The report by CPAG, called “Rough Justice,” helpfully covers a few of the things I was going to (and still will) look at in upcoming posts. The report is clearer and better written than I would have managed, so please read it for yourself, but I thought I would offer some bullet points of their findings and a few comments on the issues.
What is the report about?
- Universal Credit uses the “Real Time Information Feed” to track claimants’ earnings. This is the system HMRC use for employers to report earnings National Insurance, tax, and pension contributions.
- In many cases, claimants’ pay cycles do not match with their Universal Credit “assessment period,” the period of time that their monthly award is based on.
- This makes it extremely difficult for those with weekly, fortnightly, or even 4-weekly pay to plan financially, especially if bank holidays mean they are paid early or late by their employer. This can cause their Universal Credit payment to vary wildly.
- Universal Credit does not see this as an error, but simply part of how the system works.
- Because of how the benefit cap is applied to claims, many people receive much less than they are entitled to because of this system and through no fault of their own.
- This also affects the “work allowance,” or the amount of a claimant’s wages that is not taken into account when calculating their Universal Credit.
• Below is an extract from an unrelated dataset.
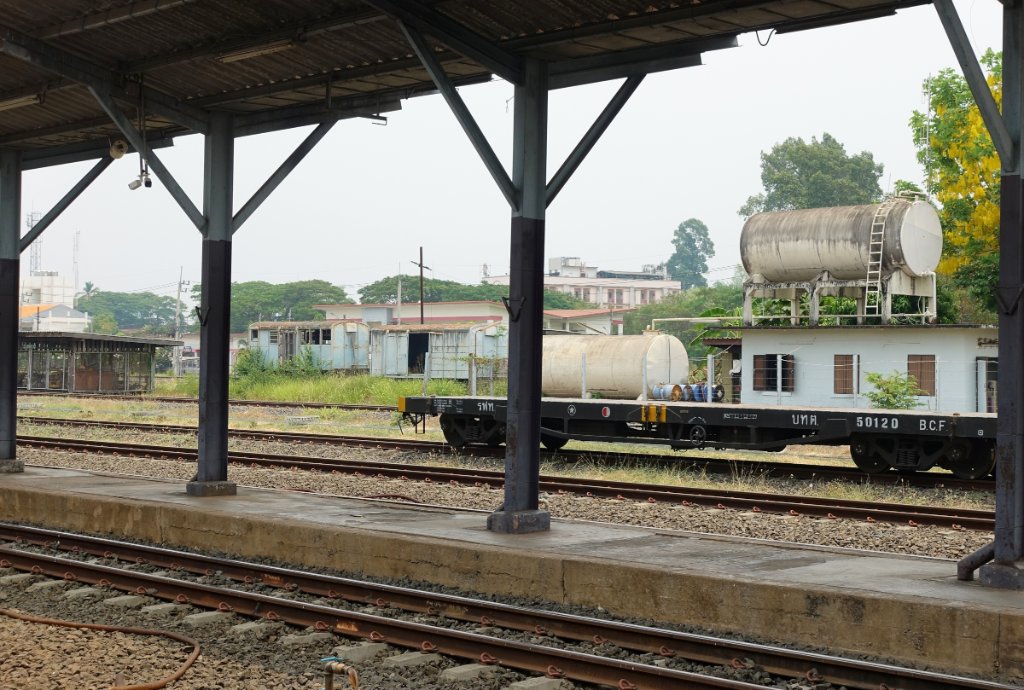 Bahnhof o.JPG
This also means they may receive hundreds of pounds less than they are entitled to.
Why is it like this?
I believe these issues are examples of what I previously said to The Guardian which is that Universal Credit is punishing claimants for not understanding a system that was not built with them in mind.
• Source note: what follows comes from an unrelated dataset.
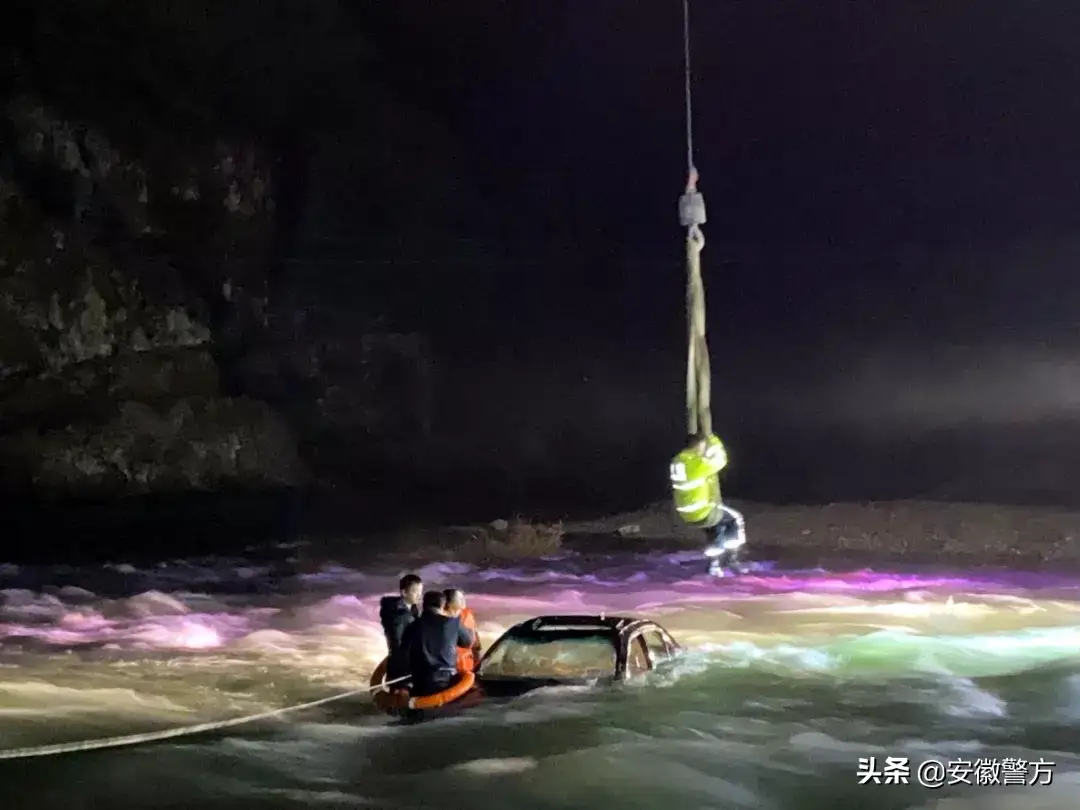 90后民警：“我有起重设备操作资格证，让我上！”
These issues exist not because someone mistakenly thought this process would benefit claimants, but because it would save the Department time calculating payments each month.
So how do we fix it?
CPAG offers up some recommendation at the end of the report, especially that Universal Credit needs to be better at attributing pay to the correct months and assessment periods.
One recommendation is to convert the UC award calculations into a pro-rata daily amount. While this is a perfectly sensible and valid suggestion, I don’t believe the existing IT system or structure of Universal Credit would be able to cope with that.
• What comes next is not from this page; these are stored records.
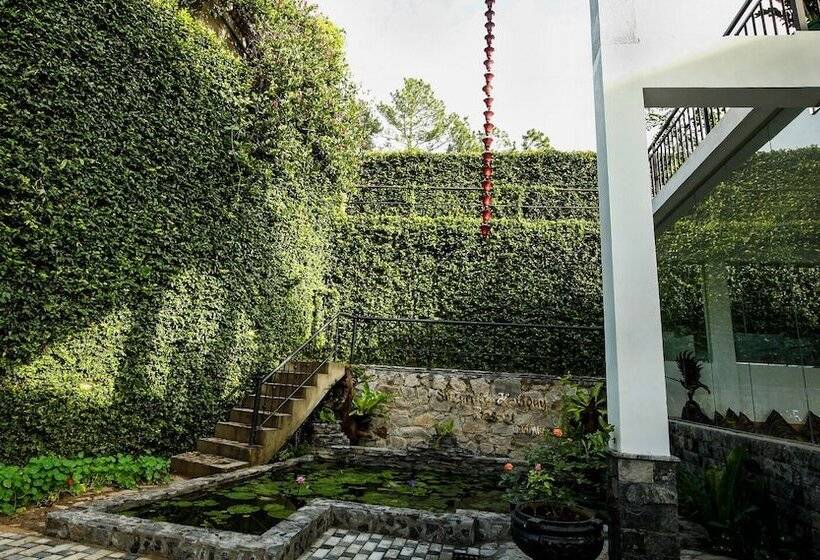 ホテル Sangrilla Holiday Resort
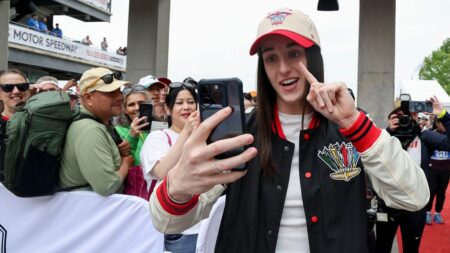 Indy 500 fans clamor for Caitlin Clark as she takes center stage at race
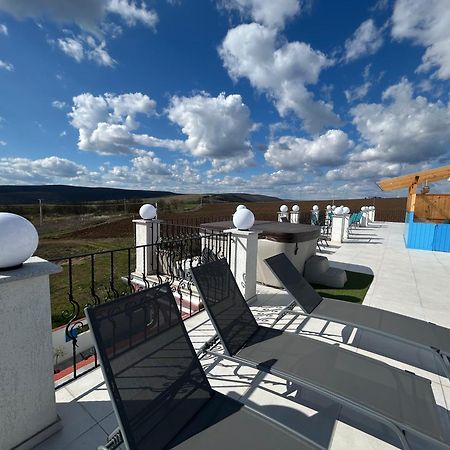 Danelis Hotel Edelény Dış mekan fotoğraf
“The personal budgeting support on offer to claimants is not an adequate solution to this in-built design problem,” they say, which is interesting and something I hope to touch on in a future post.
Another interesting comment they make is that, “Several existing arrangements could be deployed in new ways to assist claimants, without the need to reinvent the wheel.” Again, this seems like a relatively straightforward comment, but UC is a dense and tangled mess, and there are very few changes that can be made without wide reaching effects that impact often unexpected aspects of the benefit.
One example of a change CPAG suggests is allowing claimants to change their assessment period dates, which could and should be an easy fix in any sensibly designed system, but because of the clumsy way UC is calculated and processed this would require a massive overhaul of a lot of systems behind the scenes.
Towards the end of the report CPAG, like a growing number of other commentators in the media and politics, stress the importance of getting the system under control before the managed migration next year. But my big concern is whether these organisations will know whether these problems have been fixed in time to raise the alarm before it’s too late.
I’m looking forward to seeing the effects of this report and whether the Department is willing to make the changes needed to stop the damaging effects of this benefit, but I remain skeptical.